When I returned a lot of friends and family said to me, 'Are you mad? Haven't you learnt your lesson?' I said, 'Actually, I have, and it is from a different perspective.'

A MOVING TIME I trained as a movement therapist, using contemporary dance. I worked with autistic adults and I was a dancer for a while. I then became a bereavement therapist in London, where I had a private practice until I was 30 and where I also helped set up a charity called the East London and City Bereavement Association. It was through this I got to know about bereavement rituals around the world. I decided to put my work on hold and travel to those countries. The countries I chose were all based on books I'd read as a child, including one by Benedict Allen called Into the Crocodile's Nest. In the first chapter he describes a journey through Papua New Guinea and it stuck in my mind. That's why I chose it as the first part of my great, big adventure.

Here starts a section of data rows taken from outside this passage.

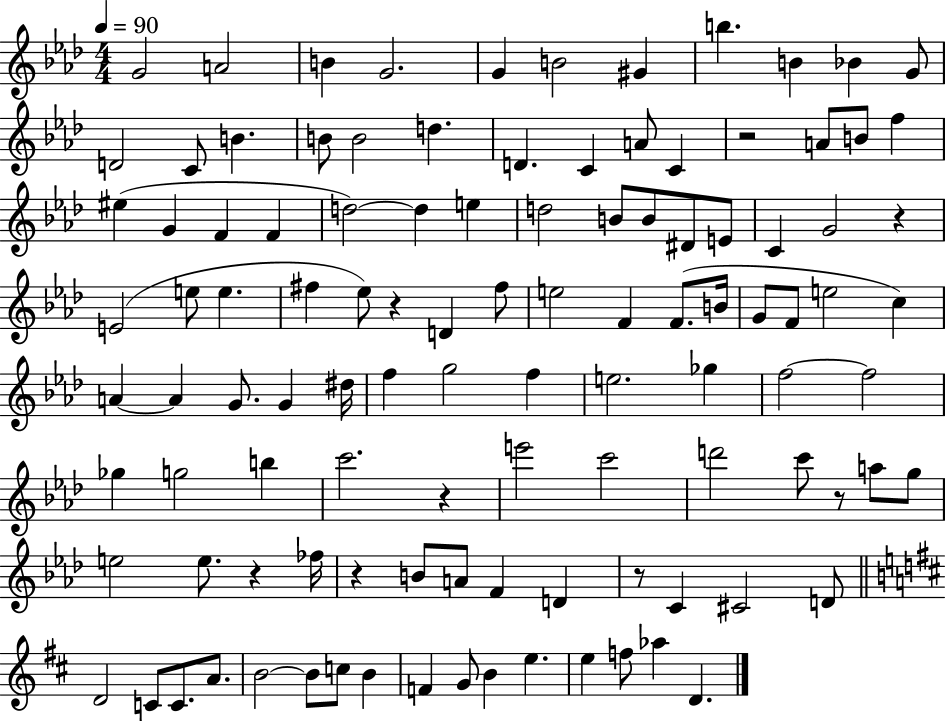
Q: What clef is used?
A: treble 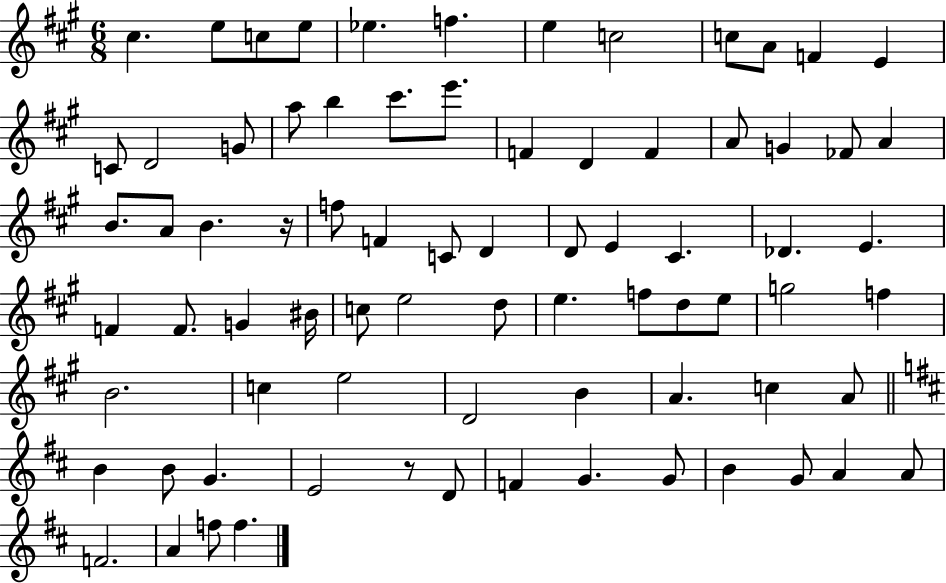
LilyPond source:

{
  \clef treble
  \numericTimeSignature
  \time 6/8
  \key a \major
  cis''4. e''8 c''8 e''8 | ees''4. f''4. | e''4 c''2 | c''8 a'8 f'4 e'4 | \break c'8 d'2 g'8 | a''8 b''4 cis'''8. e'''8. | f'4 d'4 f'4 | a'8 g'4 fes'8 a'4 | \break b'8. a'8 b'4. r16 | f''8 f'4 c'8 d'4 | d'8 e'4 cis'4. | des'4. e'4. | \break f'4 f'8. g'4 bis'16 | c''8 e''2 d''8 | e''4. f''8 d''8 e''8 | g''2 f''4 | \break b'2. | c''4 e''2 | d'2 b'4 | a'4. c''4 a'8 | \break \bar "||" \break \key d \major b'4 b'8 g'4. | e'2 r8 d'8 | f'4 g'4. g'8 | b'4 g'8 a'4 a'8 | \break f'2. | a'4 f''8 f''4. | \bar "|."
} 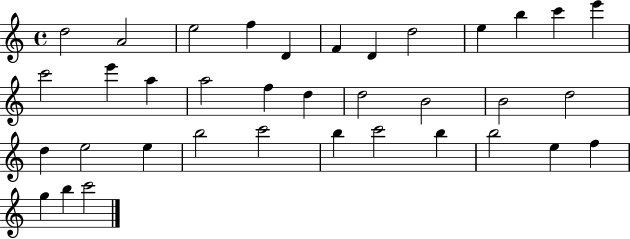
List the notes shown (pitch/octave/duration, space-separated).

D5/h A4/h E5/h F5/q D4/q F4/q D4/q D5/h E5/q B5/q C6/q E6/q C6/h E6/q A5/q A5/h F5/q D5/q D5/h B4/h B4/h D5/h D5/q E5/h E5/q B5/h C6/h B5/q C6/h B5/q B5/h E5/q F5/q G5/q B5/q C6/h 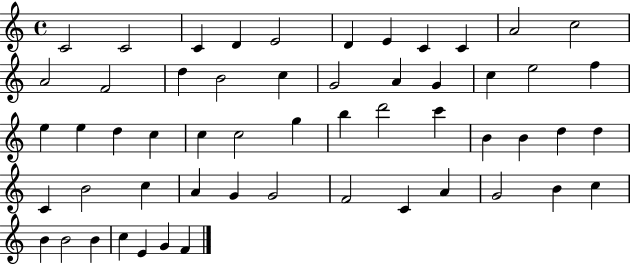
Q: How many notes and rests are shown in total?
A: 55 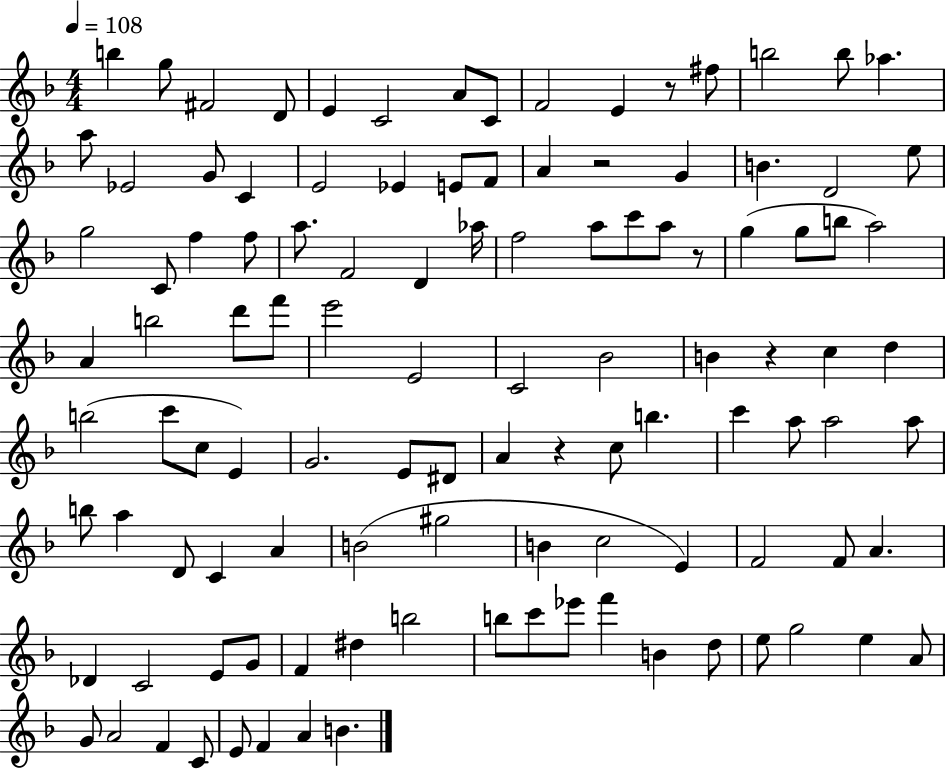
B5/q G5/e F#4/h D4/e E4/q C4/h A4/e C4/e F4/h E4/q R/e F#5/e B5/h B5/e Ab5/q. A5/e Eb4/h G4/e C4/q E4/h Eb4/q E4/e F4/e A4/q R/h G4/q B4/q. D4/h E5/e G5/h C4/e F5/q F5/e A5/e. F4/h D4/q Ab5/s F5/h A5/e C6/e A5/e R/e G5/q G5/e B5/e A5/h A4/q B5/h D6/e F6/e E6/h E4/h C4/h Bb4/h B4/q R/q C5/q D5/q B5/h C6/e C5/e E4/q G4/h. E4/e D#4/e A4/q R/q C5/e B5/q. C6/q A5/e A5/h A5/e B5/e A5/q D4/e C4/q A4/q B4/h G#5/h B4/q C5/h E4/q F4/h F4/e A4/q. Db4/q C4/h E4/e G4/e F4/q D#5/q B5/h B5/e C6/e Eb6/e F6/q B4/q D5/e E5/e G5/h E5/q A4/e G4/e A4/h F4/q C4/e E4/e F4/q A4/q B4/q. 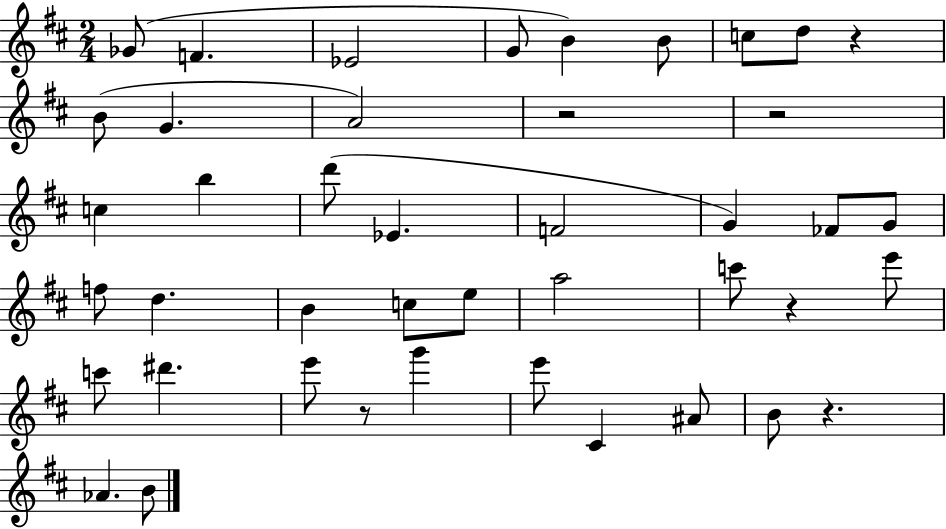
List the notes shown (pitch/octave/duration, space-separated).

Gb4/e F4/q. Eb4/h G4/e B4/q B4/e C5/e D5/e R/q B4/e G4/q. A4/h R/h R/h C5/q B5/q D6/e Eb4/q. F4/h G4/q FES4/e G4/e F5/e D5/q. B4/q C5/e E5/e A5/h C6/e R/q E6/e C6/e D#6/q. E6/e R/e G6/q E6/e C#4/q A#4/e B4/e R/q. Ab4/q. B4/e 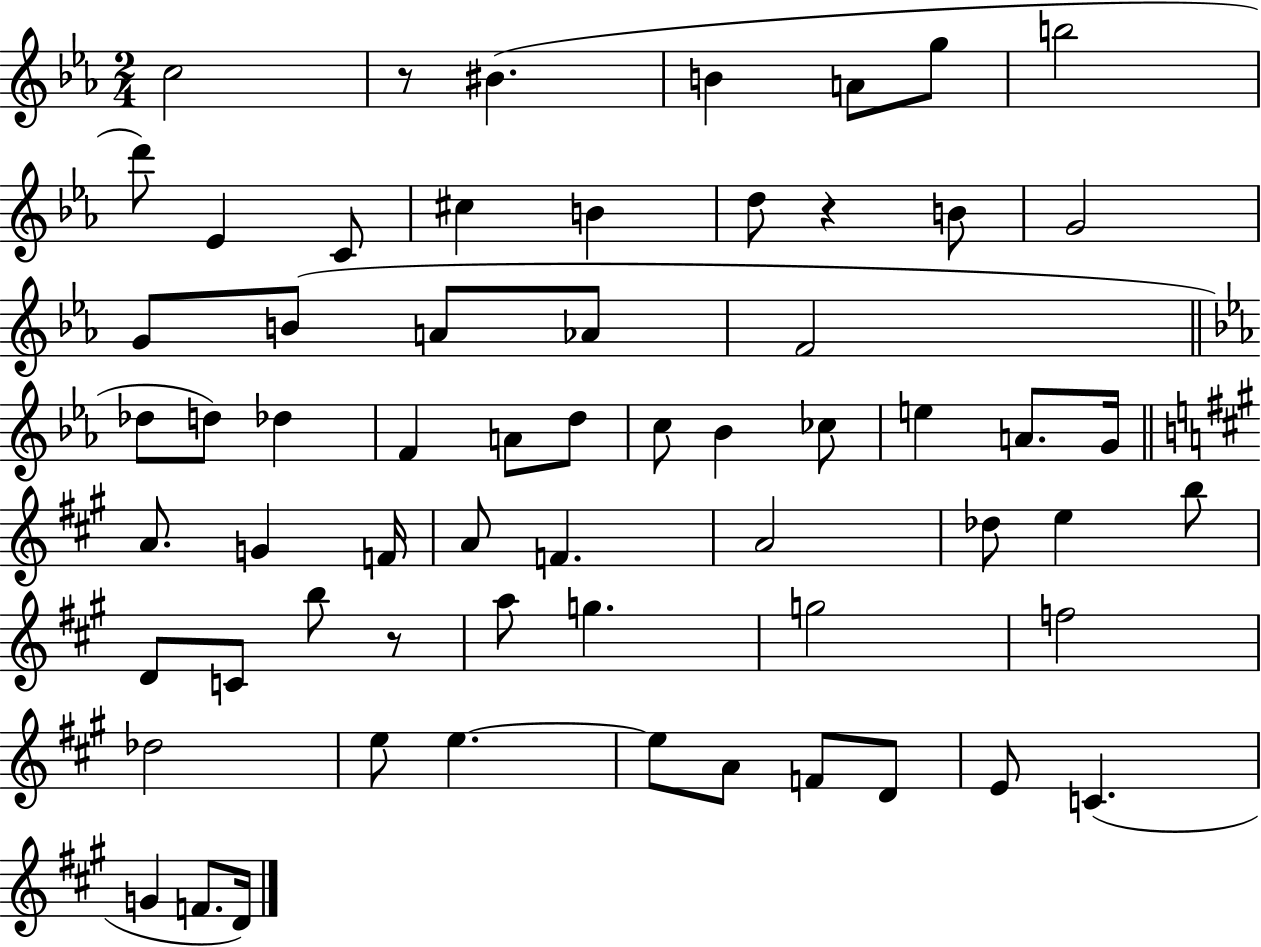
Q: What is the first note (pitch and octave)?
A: C5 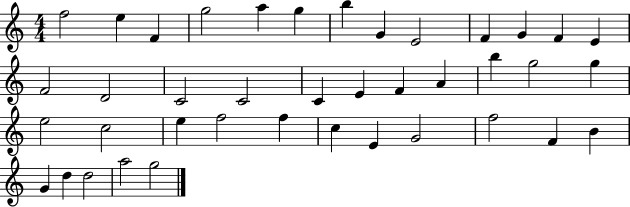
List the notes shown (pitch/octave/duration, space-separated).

F5/h E5/q F4/q G5/h A5/q G5/q B5/q G4/q E4/h F4/q G4/q F4/q E4/q F4/h D4/h C4/h C4/h C4/q E4/q F4/q A4/q B5/q G5/h G5/q E5/h C5/h E5/q F5/h F5/q C5/q E4/q G4/h F5/h F4/q B4/q G4/q D5/q D5/h A5/h G5/h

HOME IS WHERE THE HEART IS The divorce of my parents when I was 13 was like a death to me. Up until then I had only known a warm, loving family environment. It wasn't a traditional death but it was the death of my family and that took me into the therapeutic process. It was a very difficult period in my life and continues to be an issue. The divorce instilled in me a distrust of family life - which is probably why I'm still single at nearly 40 - and which has stimulated me to do what I do now. Life is exciting and the work I do is my passion. I'm still fairly close to my mother [his father died recently] but Papua New Guinea feels more home to me than the UK.

MAKING DREAMS COME TRUE Being a therapist was a very structured way of living. The dedication, time and commitment I gave to people ... being entrusted with their life stories was an amazing privilege. In a way I feel as though I'm doing that now with my work as director of The Expedition Project Management Company. It's still a way to help people and make their dreams come true. We do things like take a group of disabled adults to the top of Mount Kilimanjaro in Tanzania and support people who live in Papua New Guinea by facilitating projects that give them an income. We also work in Outer Mongolia. We're not a big company but the money we've been able to pay our fixers and organisers over the past five years has changed their lives dramatically.

TRAVELLING RIGHT Many people now want travel to be a unique adventure that's exciting but also safe and with a feel-good factor. The future of travel is sustainable ecotourism, to help the people who live there.

I've chosen to live in Hong Kong because I'm a very sociable person and I have many friends here, and it's close enough to all the destinations I spend time working in. The apartment I rent in SoHo is the first place of my own I've had in five years.